You will learn how to write Python code that establishes a connection to an FTP server and accesses the files of the FTP site.
You will learn how to use the Spyder editor for executing complete scripts of Python code.
You will learn how to create a custom FTP function that logs in to an FTP site and generates a list of file names contained in the site.
You will learn the Python code that downloads a single file from an FTP site.
Something to keep in mind for the next lecture.
Here we start building our data analysis program.
In this particular lecture, we will build an FTP function that will login to the FTP site, and download a given range of files from the site.
Extracting Data from Archive Files
You will learn how to extract various types of archive files using the patool library and the for loop.
You will learn how to extract RAR archive files.
Here you will write a function that will fetch the archive files downloaded by the FTP function and it will extract them all in a local directory.
Working with TXT and CSV Files
Short lecture introducing you to this section of the course.
You will learn how to easily read CSV and delimited TXT files using the pandas library and use their data inside Python.
You will learn how to export data from Python to CSV and TXT files.
You will learn how to open data from TXT files which columns are delimited by a certain width.
You will learn how to quickly export a pandas dataframe into an HTML file.
Getting Started with Pandas
We already used the pandas library in the previous section. Here you will be given an official tour to the pandas data analysis library.
You will create a function that grabs all the TXT files of a folder, opens each of them in Python as dataframes, adds a column in each dataframe and exports the updated dataframes back to CSV files.
Merging Data
You will write a function that gets all the CSV files and concatenates them vertically using the pandas concatenate function by creating a single CSV containing everything.
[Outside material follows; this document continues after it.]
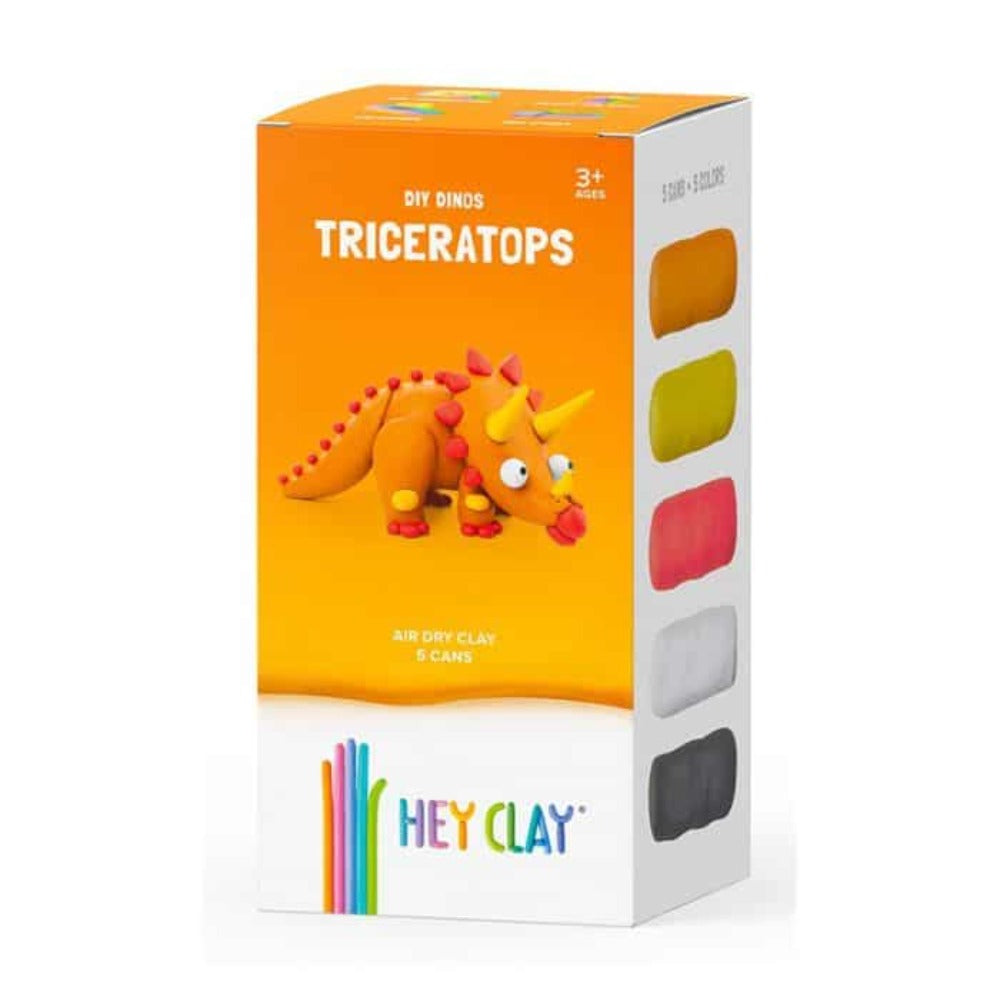Hey Clay Claymates Triceratops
You will write a function that will join columns of a pandas dataframe to another dataframe.
Data Aggregation
You will learn how to use the pandas pivot function by creating a pivoted dataframe out of a large CSV file by aggregating the data values.
Visualizing Data
You will learn how to use the visualization features available in Python and generate graphs using the matplotlib and the seaborn libraries.
You will expand your knowledge on performing visualizations of different kinds out of pandas dataframes and adding labels and legends to the generated graphs.
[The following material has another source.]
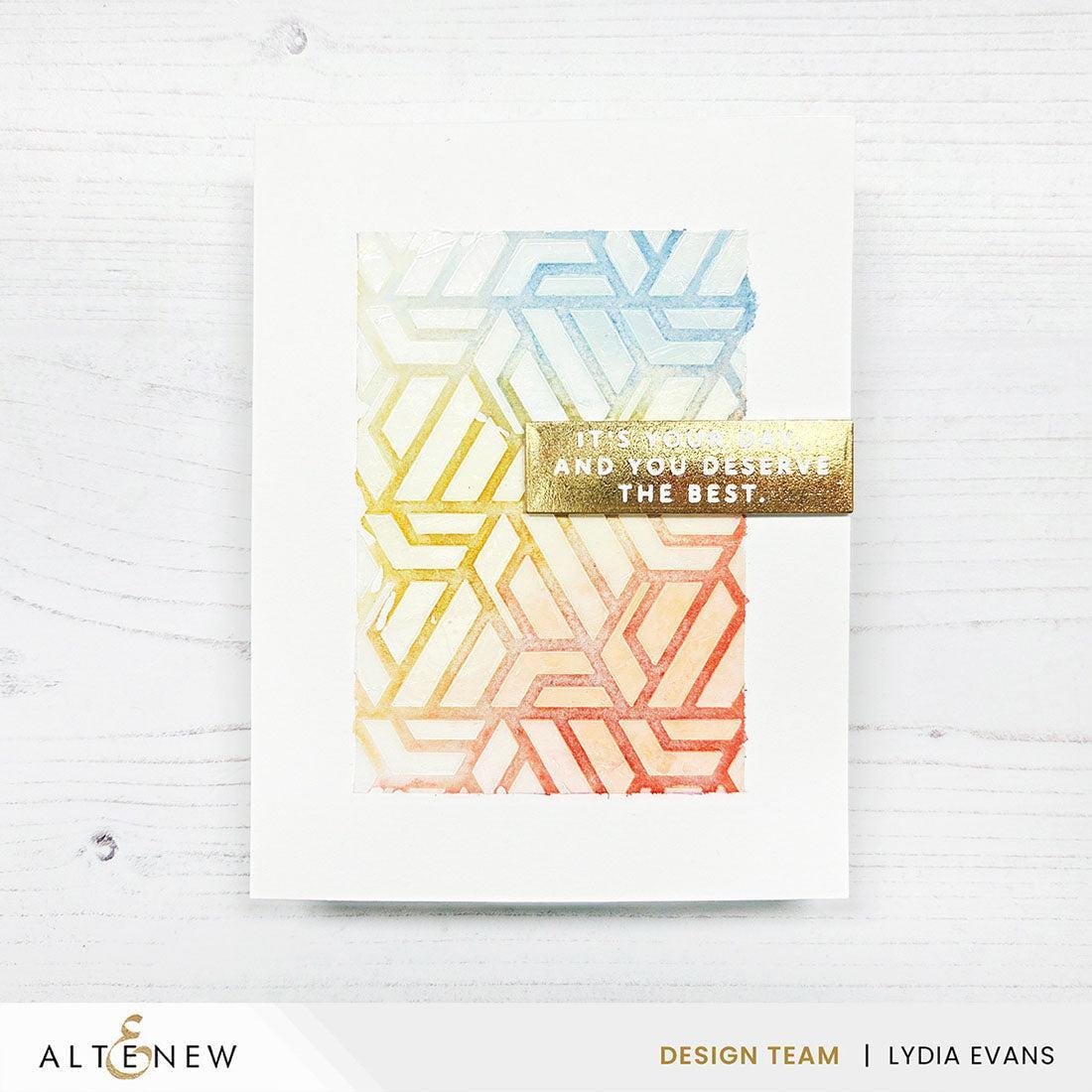 Altenew - Stencils - Geometric Mix Stencil-ScrapbookPal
You will learn create a function that will access the pivoted dataframe and it will generate a graph representing the data, and save the graph inside a PNG image file.
Mapping Spatial Data
You will learn how to create a point KML file using the simplekml library and display the file in Google Earth.
You will create a function that grabs the data from a pandas dataframe and creates a KML file using the latitude and the longitude information contained in the dataframe.
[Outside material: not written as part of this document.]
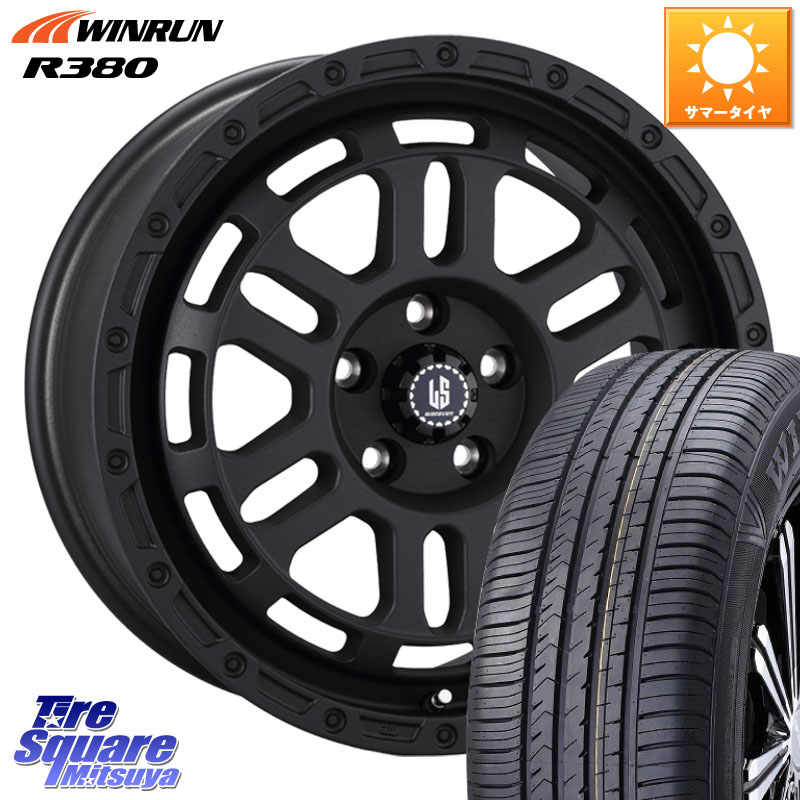 阿部商会 LA STRADA DISCOVER ホイール 17インチ 17 X 7.0J +38 5穴 114.3 WINRUN R380 サマータイヤ 225/60R17 30系アルファード 30系ヴェルファイア デリカD:5 SL系フォレスター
Putting everything together
You will learn how to make your script interact with a user who runs it.
You will learn how to execute all the functions of the programs in one single click.
You will learn how to make your program more user friendly by integrating the user input functionality.
You will learn how to convert your program into a Python module so you can import it in other scripts.
Bonus Section: Using Python in Jupyter Notebooks to Boost Productivity
Setting up Jupyter and learning how to use its keyboard shortcuts.
Learn how to handle a problem of joining raw data with no key column to base the join to.
Learn to apply various operations including in-line visualizations on a Jupyter browser-based notebook.